Models such as the present example were luted together from moulded sections. In 18th century England the people who carried out this process were called ‘repairers’, indeed the process is similar to repairing broken ceramics, except that you use clay as your glue. Wet clay was used to stick the leather-hard moulded sections together, the process is referred to as luting from the Latin Lutum meaning mud or clay. To help made sure the join will be as strong as possible the edges of the clay sections are scored, so the luting material really binds with the joining surfaces, especially when firm pressure is applied. The luted joins are then cleaned, smoothed down, so the piece looks seamless.
- The ears are badly chipped, the horns are chipped. There is a fine glaze crack to the body.

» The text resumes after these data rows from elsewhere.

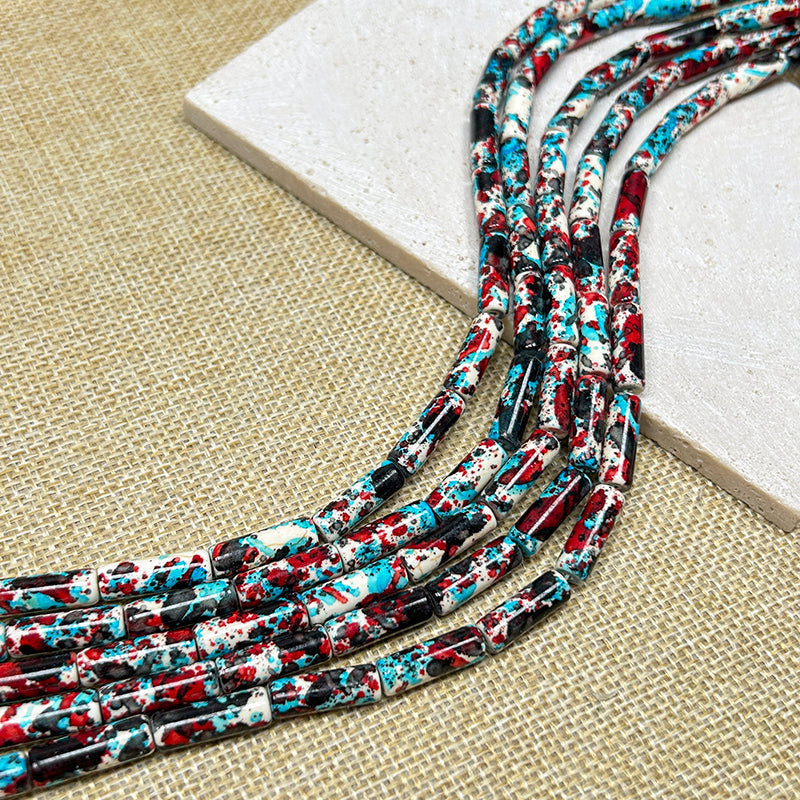 [B312] 6*17mm Colorful Tube Beads(Synthetic Shell)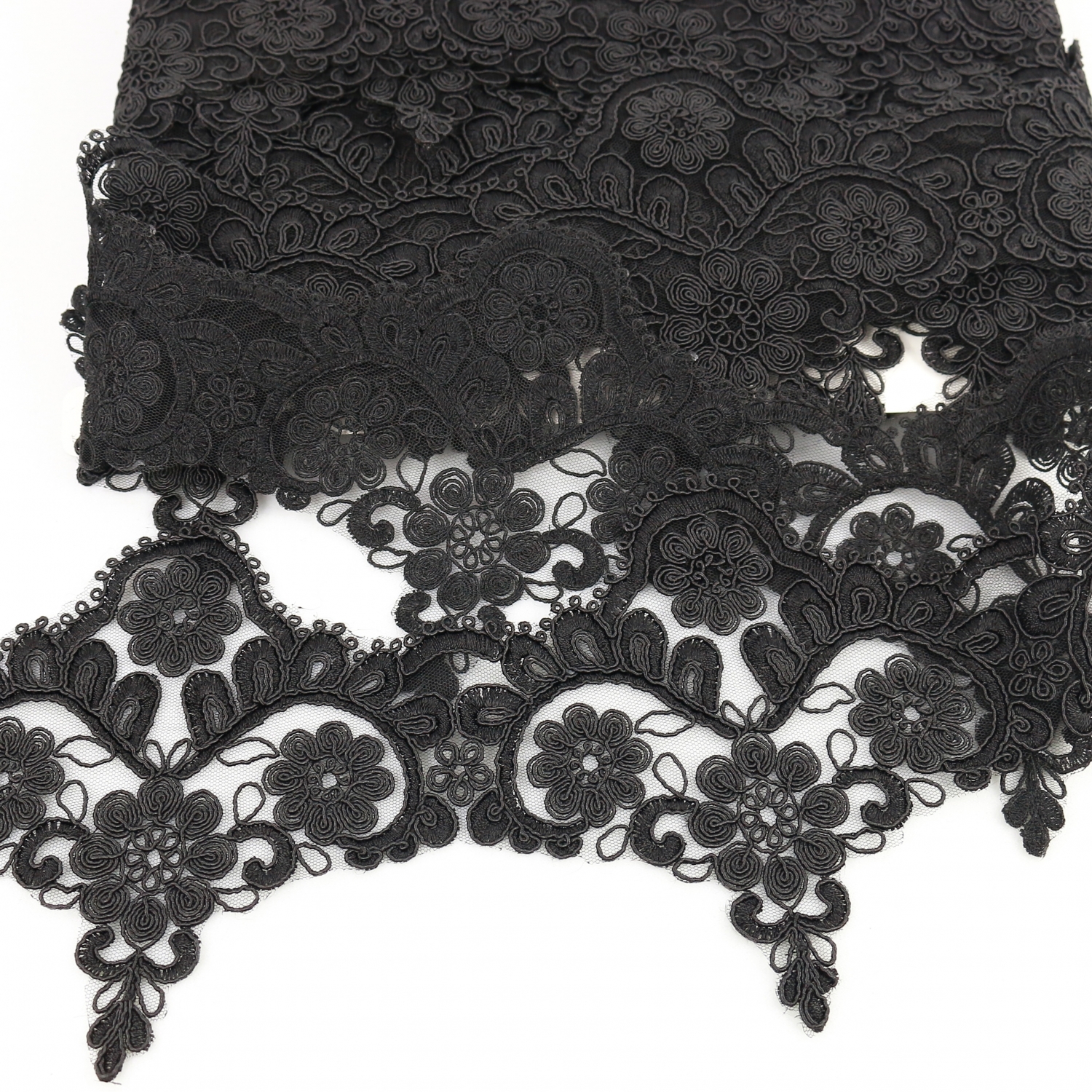 Banda Dantela Brodata, 130 mm, Alb, Negru (1 metru/rola) Cod: 14336 - 2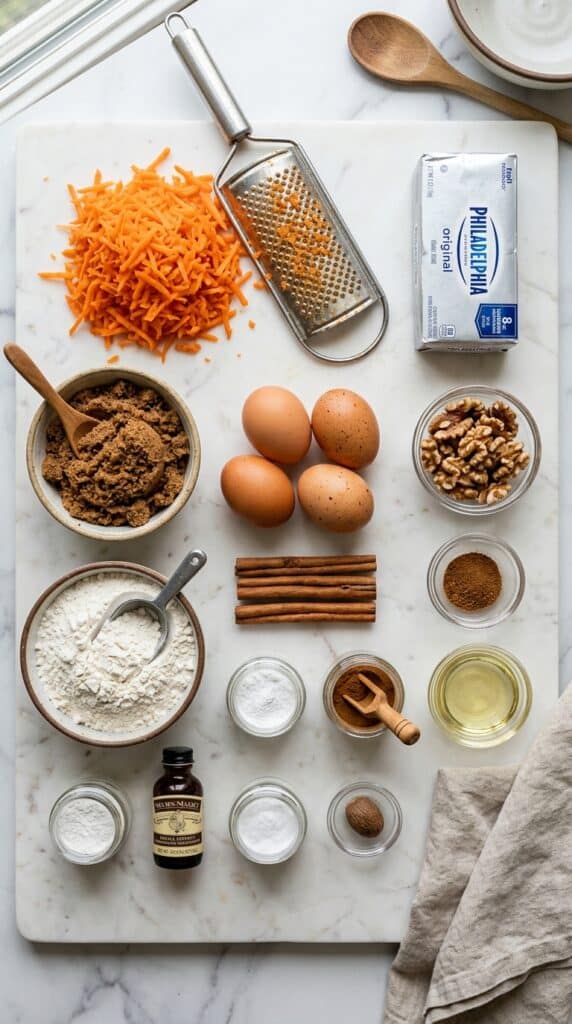 An overhead flat lay showing grated carrots, a box grater, cream cheese, eggs, flour, and spices on a marble table.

- Length 15.2 cm (6 inches)
- From a Private Collection of Blanc de Chine Porcelain
- Stock number
Blanc de Chine Porcelain :
The porcelain known in the West as Blanc de Chine was produced 300 miles south of the main Chinese kiln complex of Jingdezhen. The term refers to the fine grain white porcelain made at the kilns situated near Dehua in the coastal province of Fujian, these kilns also produced other types of porcelain. A rather freely painted blue and white ware, porcelain with brightly coloured `Swatow` type enamels as well as pieces with a brown iron-rich glaze. However it is the white blanc de Chine wares that have made these kilns famous. The quality and colour achieved by the Dehua potters was partly due to the local porcelain stone, it was unusually pure and was used without kaolin being added. This, combined with a low iron content and other chemical factors within the body as well as the glaze, enabled the potters to produce superb ivory-white porcelain.